Le metteur en scène Krzysztof Warlikowski adapte ces textes sur scène et dérange. SI la prestation habitée d’Isabelle Huppert ne souffre d’aucune contestation (Molière 2016 en vue?), la mise en scène et les textes divisent… qu’en penser?

Après deux représentations vues, en mars et tout récemment, force est d’admettre que la pièce a évolué. Moins sexuelle, plus somatique, viscérale, elle est devenue un pensum peu compréhensible d’expériences aux limites de la moralité. L’inceste est exposé avec force et drame, ne laissant personne indemne. Meurtres et suicides s’entremêlent dans une salle de bain géante aux robinets seuls capables de purifier ces âmes putrides.

Les textes des 3 auteurs s’enchainent sans transition, comme pour marquer leurs différences et leurs similarités? Aucune frontière entre une Phèdre midinette et la succube extravertie. 2 acteurs différents interprètent des Hippolyte interloqués par le comportement de leur belle-mère. Véritable marâtre interdite, elle bouscule les codes et enfoncent les portes de la dignité, rentrant de plein pied dans le tabou.
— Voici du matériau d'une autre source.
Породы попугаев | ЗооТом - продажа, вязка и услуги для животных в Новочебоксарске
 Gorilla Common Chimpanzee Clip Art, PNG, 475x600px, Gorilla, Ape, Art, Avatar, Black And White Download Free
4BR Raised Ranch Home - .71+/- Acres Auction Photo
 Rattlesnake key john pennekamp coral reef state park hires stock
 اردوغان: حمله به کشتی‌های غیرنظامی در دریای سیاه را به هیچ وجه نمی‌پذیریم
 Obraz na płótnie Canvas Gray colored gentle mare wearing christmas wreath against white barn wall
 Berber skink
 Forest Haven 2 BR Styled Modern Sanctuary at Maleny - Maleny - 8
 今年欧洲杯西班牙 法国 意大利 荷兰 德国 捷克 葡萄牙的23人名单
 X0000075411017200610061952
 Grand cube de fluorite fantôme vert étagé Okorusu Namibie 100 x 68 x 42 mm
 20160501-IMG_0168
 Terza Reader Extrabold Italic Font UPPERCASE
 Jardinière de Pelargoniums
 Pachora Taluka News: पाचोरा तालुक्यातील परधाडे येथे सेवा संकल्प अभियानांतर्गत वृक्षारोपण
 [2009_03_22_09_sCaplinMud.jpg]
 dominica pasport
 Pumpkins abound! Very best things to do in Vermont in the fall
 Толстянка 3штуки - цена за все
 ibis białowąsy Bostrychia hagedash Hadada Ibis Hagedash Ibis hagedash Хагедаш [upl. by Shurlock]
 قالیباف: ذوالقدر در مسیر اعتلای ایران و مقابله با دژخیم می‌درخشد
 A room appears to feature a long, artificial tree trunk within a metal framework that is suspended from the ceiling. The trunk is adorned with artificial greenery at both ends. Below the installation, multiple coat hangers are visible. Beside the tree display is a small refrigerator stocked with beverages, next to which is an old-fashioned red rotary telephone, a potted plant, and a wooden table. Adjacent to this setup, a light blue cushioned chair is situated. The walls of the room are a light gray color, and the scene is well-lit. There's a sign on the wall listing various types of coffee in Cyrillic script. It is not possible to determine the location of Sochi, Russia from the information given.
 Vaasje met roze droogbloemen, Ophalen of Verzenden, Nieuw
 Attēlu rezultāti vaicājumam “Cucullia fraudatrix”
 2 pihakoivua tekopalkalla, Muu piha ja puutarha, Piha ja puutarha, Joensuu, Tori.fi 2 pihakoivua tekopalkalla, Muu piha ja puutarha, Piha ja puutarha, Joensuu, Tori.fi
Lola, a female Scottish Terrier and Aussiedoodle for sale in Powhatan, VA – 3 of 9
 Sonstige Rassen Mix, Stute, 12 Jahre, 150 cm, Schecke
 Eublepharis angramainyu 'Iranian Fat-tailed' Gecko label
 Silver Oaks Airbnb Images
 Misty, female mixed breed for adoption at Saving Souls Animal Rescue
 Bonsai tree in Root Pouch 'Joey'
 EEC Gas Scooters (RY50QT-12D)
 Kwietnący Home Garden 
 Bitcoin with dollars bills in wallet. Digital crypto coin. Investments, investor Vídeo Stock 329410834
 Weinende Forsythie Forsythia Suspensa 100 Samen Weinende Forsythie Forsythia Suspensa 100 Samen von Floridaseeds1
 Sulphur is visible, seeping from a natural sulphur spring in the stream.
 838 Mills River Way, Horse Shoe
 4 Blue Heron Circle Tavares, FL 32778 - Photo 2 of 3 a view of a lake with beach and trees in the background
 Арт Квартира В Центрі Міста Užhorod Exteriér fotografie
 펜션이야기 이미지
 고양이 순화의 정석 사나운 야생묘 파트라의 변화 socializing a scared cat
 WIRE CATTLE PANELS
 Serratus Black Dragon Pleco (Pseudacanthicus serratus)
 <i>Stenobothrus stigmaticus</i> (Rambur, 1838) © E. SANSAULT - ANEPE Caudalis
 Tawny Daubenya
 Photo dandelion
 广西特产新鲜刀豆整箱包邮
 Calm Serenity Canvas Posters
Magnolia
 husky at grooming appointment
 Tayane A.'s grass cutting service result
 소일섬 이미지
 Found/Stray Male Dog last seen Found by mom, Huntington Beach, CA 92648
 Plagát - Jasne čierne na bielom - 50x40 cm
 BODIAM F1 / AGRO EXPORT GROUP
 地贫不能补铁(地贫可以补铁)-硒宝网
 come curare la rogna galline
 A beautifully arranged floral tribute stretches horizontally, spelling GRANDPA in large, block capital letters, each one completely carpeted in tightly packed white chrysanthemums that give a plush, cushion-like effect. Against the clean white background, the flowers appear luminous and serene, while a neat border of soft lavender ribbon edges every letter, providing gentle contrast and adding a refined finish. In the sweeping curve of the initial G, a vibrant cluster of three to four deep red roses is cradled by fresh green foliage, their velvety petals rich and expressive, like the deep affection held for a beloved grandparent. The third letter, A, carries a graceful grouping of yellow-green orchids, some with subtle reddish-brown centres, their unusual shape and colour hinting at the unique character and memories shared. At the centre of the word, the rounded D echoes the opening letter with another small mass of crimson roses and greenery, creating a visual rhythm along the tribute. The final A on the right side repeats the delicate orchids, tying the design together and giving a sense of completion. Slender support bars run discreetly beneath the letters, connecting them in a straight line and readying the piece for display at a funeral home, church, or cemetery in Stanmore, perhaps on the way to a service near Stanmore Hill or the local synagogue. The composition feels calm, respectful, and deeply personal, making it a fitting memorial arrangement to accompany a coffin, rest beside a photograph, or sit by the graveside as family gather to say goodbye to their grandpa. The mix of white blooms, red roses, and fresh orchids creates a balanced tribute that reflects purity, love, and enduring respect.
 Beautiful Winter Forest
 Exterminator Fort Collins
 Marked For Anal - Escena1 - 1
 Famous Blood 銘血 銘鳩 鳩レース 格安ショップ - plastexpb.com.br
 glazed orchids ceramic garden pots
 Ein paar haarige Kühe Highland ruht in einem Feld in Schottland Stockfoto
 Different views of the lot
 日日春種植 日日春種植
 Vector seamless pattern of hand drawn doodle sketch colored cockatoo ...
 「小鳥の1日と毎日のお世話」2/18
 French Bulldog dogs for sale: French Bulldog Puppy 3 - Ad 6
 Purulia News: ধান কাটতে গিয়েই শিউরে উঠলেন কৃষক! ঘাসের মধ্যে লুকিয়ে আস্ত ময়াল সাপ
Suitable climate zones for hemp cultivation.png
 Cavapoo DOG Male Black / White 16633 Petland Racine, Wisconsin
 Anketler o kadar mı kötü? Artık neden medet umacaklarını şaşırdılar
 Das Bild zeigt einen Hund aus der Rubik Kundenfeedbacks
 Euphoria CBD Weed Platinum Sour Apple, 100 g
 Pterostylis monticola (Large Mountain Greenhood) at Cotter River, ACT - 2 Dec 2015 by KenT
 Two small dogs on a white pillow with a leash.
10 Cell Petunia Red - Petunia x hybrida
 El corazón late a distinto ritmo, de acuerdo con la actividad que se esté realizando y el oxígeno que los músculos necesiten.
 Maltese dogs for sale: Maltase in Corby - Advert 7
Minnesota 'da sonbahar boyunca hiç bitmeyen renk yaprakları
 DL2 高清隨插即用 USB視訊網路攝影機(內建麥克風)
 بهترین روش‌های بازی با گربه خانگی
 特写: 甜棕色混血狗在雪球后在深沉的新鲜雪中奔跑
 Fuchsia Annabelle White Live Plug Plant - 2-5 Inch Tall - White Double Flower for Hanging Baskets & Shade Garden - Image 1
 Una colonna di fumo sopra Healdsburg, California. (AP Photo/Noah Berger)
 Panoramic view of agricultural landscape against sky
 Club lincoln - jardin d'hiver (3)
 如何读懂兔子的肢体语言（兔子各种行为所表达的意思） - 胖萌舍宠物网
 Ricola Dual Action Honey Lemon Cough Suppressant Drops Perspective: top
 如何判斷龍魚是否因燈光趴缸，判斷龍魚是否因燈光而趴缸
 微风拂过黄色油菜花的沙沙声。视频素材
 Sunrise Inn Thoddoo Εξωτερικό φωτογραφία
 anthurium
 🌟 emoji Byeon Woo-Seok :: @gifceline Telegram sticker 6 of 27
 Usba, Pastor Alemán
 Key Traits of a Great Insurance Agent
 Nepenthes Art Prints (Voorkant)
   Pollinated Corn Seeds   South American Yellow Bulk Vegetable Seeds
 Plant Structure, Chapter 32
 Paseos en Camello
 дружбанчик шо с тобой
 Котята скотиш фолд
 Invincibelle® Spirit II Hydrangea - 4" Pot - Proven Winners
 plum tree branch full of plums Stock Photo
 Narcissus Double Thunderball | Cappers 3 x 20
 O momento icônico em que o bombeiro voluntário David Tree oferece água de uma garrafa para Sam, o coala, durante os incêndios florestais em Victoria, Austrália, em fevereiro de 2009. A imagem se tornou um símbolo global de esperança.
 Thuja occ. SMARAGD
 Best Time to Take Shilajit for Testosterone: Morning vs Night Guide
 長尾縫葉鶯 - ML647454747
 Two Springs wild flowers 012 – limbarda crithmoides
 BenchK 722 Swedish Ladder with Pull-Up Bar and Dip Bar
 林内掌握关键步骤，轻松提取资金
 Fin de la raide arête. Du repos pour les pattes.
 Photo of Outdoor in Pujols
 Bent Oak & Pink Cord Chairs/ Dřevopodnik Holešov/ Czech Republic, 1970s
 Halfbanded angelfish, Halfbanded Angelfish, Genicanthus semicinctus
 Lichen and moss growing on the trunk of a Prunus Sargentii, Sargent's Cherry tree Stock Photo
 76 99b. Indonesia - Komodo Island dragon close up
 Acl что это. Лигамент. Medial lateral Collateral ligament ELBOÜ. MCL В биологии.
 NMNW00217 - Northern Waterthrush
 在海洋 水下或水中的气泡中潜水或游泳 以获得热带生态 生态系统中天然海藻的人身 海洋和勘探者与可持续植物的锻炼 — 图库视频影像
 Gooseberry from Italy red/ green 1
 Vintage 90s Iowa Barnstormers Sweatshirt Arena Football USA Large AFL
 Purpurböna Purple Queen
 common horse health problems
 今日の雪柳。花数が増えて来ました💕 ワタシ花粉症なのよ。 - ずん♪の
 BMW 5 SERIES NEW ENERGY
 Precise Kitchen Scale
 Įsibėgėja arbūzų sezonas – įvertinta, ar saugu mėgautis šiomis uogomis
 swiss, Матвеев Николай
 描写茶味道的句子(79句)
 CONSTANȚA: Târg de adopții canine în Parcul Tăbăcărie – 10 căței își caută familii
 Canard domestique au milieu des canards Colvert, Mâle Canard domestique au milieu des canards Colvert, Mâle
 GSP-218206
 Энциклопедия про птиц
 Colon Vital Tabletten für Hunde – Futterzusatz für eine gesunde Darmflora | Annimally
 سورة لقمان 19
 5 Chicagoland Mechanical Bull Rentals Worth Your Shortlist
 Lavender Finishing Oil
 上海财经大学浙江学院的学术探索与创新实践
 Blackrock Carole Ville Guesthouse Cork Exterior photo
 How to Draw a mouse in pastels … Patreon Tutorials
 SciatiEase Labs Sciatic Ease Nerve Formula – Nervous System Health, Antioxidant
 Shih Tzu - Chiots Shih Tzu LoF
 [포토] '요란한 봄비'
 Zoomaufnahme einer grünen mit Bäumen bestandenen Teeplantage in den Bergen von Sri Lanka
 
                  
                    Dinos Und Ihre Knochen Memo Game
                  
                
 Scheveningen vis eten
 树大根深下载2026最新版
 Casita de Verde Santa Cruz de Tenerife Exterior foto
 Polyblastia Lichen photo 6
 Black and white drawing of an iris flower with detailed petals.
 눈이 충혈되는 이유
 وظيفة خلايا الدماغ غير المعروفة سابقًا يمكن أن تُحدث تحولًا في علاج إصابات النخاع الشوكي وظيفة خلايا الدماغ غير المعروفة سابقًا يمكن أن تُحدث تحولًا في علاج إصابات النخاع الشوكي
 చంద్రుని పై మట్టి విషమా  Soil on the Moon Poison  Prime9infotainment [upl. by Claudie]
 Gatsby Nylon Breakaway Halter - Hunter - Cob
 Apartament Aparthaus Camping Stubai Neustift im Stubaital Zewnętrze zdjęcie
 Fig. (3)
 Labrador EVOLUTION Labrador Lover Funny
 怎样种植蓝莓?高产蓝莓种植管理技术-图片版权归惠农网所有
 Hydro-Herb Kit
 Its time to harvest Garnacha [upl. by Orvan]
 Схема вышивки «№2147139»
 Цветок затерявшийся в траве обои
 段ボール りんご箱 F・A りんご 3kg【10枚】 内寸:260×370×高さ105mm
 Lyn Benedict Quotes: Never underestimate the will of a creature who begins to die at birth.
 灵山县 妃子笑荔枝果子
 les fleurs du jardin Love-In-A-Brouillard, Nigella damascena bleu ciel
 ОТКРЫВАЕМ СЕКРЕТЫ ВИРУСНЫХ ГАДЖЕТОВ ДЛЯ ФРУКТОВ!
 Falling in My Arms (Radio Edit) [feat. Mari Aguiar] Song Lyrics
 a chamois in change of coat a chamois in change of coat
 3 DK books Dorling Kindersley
Thésèe semble une ombre lointaine devant la tragédie qui se joue. Mari absent, père invisible, il abandonne les siens et ne peut empêcher les crimes de se produire. Une danseuse orientalisante exhibe son corps tout du long, suscitant désir et convoitise. Elle marche, danse, fume, et ressemble à une créature diabolique. Convoitée, elle reste aussi inaccessible que devrait l’être Hippolyte pour Phèdre.

La pièce dérange, bouscule, la salle se vide à l’entracte pour un constat sans appel. Le metteur en scène ne laisse pas indifférent et frappe juste. Son intransigeance amène un air frais bienvenu sur une scène parisienne souvent convenue.